If you're of the opinion that current federal and state support for electric vehicle shoppers in the US are really just hand-outs to the already well-to-do, you might like what California State Senator Kevin de Leon (D-Los Angeles) is up to. De Leon sponsored a bill earlier this year called the Charge Ahead California Initiative (State Bill 1275) which today passed the California Assembly by a vote of 46-23. The state Senate is expected to send the bill to Governor Edmund Brown soon.
What does Charge Ahead do differently?

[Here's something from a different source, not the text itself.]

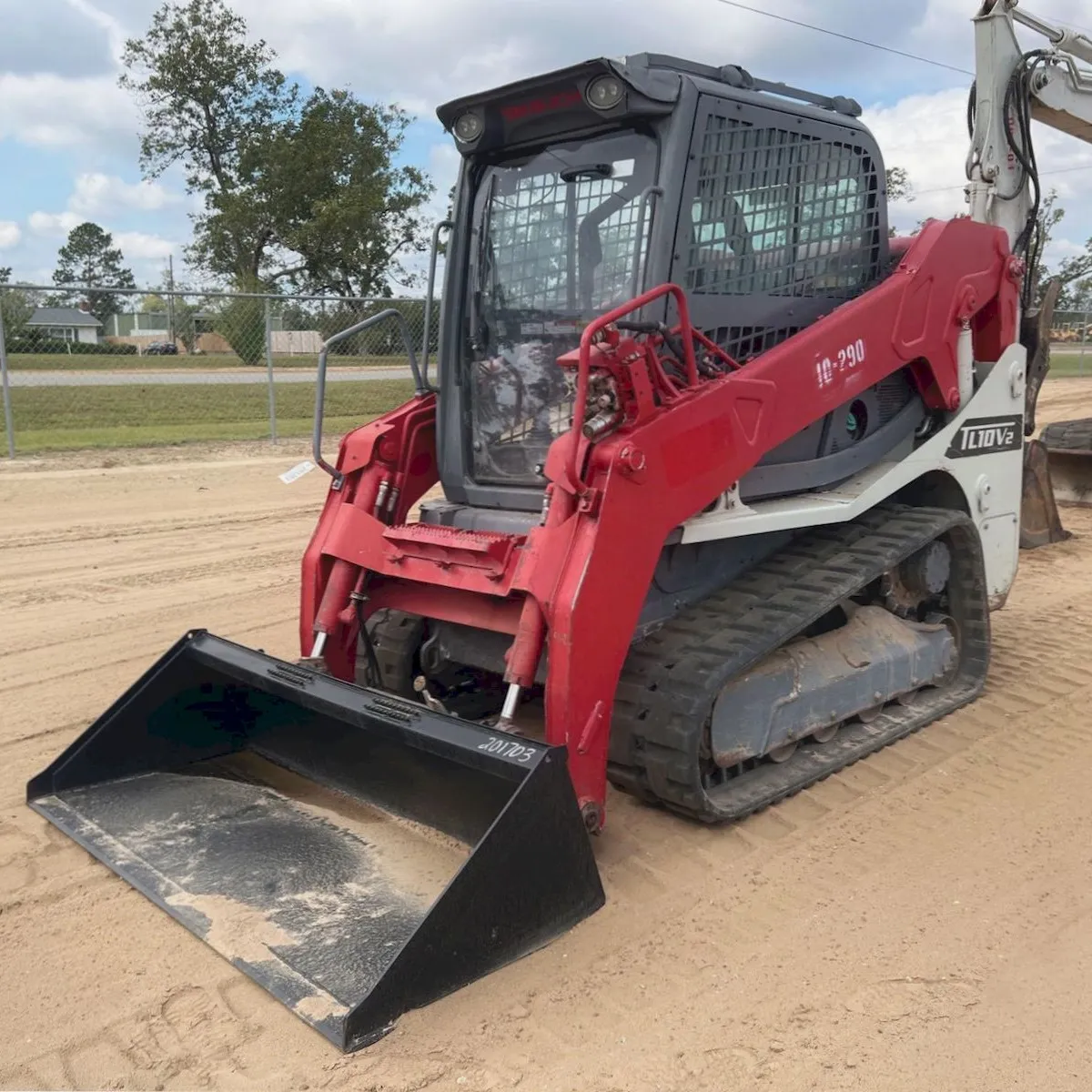 2021 Takeuchi TL10V2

Well, it changes the already-popular and effective Clean Vehicle Rebate Project (CVRP) that hands out $2,500 to zero-emission vehicle purchasers to not only have a bigger funding pile but also to "establish an income cap to stretch valuable public dollars to incentivize clean car purchases that would not otherwise occur, and would step down rebate levels over time as technology costs decrease." The bill has ways to encourage going green as well as going car-free. If you are in the "low-income" category, then you can get a minimum of $2,500 for cashing in your clunker for a ZEV. If, on the other hand, you're a low-income resident getting rid of a car to shift to the car-free/carsharing lifestyle, then you will get a minimum of $1,500. All others get, at most, $1,000. These amounts are less than previously reported, but the final bill has not yet been signed. SB 1275 also supports new carsharing programs, new EV charging stations and, "provides access to financing options that would lower combined monthly car payments and fuel costs."
The bill will "establish an income cap to stretch valuable public dollars to incentivize clean car purchases that would not otherwise occur."